Bryce (MAGAM ‘19) – Costly ventures in London 

I traveled with some friends a couple years ago when I was studying in France. We had been in London for a few days and were flying to Geneva on the cheapest ticket we could find — an 8 a.m. flight on Easyjet. We figured we would just sleep in the airport and not have to pay for lodging that night. What we didn’t know was that we had booked our flights out of an airport about 50 kilometers away. We had finished watching Thor 2 in theaters pretty late and were throwing the frisbee around by a specific bus stop that we (falsely) assumed would provide us with transportation to the supposedly nearby airport. It was 2 a.m. when we realized our mistake and started panicking. We eventually found a taxi company nearby (which turned out to be more like two Turkish guys with cars) who were willing to take the seven of us to the airport an hour away at 3 in the morning.  What started off as a laid-back night ended up being a costly and harrowing ordeal.

Courtesy of Priscila Perotti

Priscila (MAGAM ‘19) – Transportation in Peru and Paris

I was traveling to Peru and upon arriving at the airport asked for help finding the best way to get to where I was going. I was told Uber, so I requested a ride on the app. Shortly after, a car pulled up that was the same car as the one I had requested on Uber. I got in, and the driver asked how I was paying. I was confused because the Uber app pulls payment automatically from your bank account. It was at this point that I found out there’s a taxi company called “Uber” in Peru. The taxi driver became angry and stopped the car in an alley, demanding that I pay him immediately. I was essentially forced to give him all the money in my wallet — 80 Peruvian pesos. He still drove me to my destination, and I had no choice but to finish the ride with him as I didn’t have a working cell phone or any other cash!

A few months later, I was in Paris and had a similar experience. Two guards stopped me at a train station and told me that I had the wrong ticket to go the airport and that if I wanted to exit the station I needed to pay 50 euros. I was once again forced to give up all the money in my wallet. Lesson learned — don’t carry a lot of cash when traveling!

Courtesy of Dray Williams

Dray (MAGAM ‘19) – Miscommunications in Ukraine

When I was in Ukraine, I didn’t immediately realize that some of my hand gestures meant very different things there than they do in the United States. I often walk around making the “hang loose” sign to strangers to say hello, and for a while my younger sister in my host family would laugh when I did this.
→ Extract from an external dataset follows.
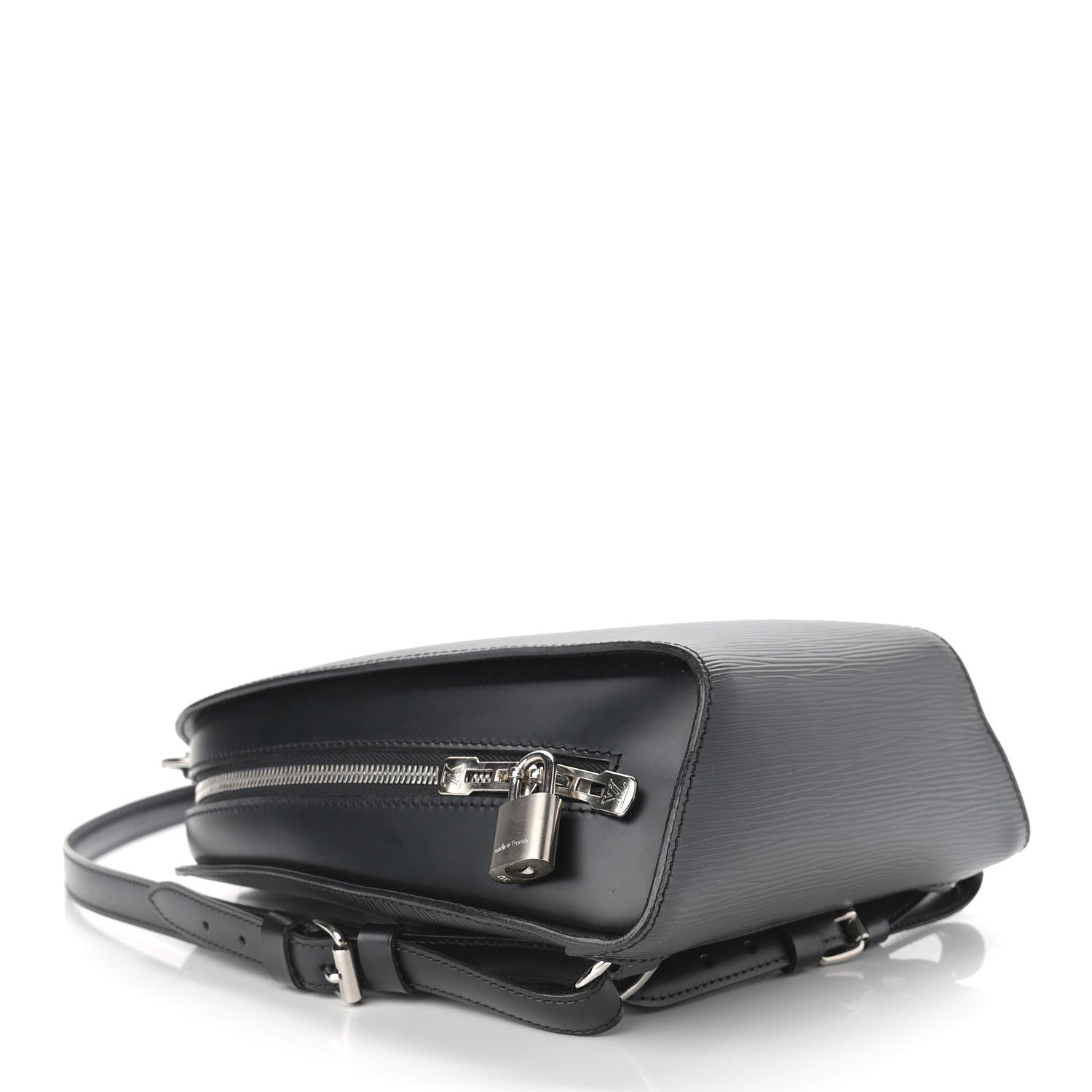 Louis Vuitton Epi Mabillon Backpack Black 3 of 10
Eventually she told me that in Ukraine that hand signal is associated with marijuana. I also frequently snap my fingers and then clap my hand to my fist while walking around. Again, I had been doing this without realizing what it meant in Ukraine, although I did notice it was attracting extra attention. Later I found out that what I was doing can be interpreted as wanting to take someone to bed. I realized that I had been doing both of these things for three months to a variety of people on the street and immediately stopped.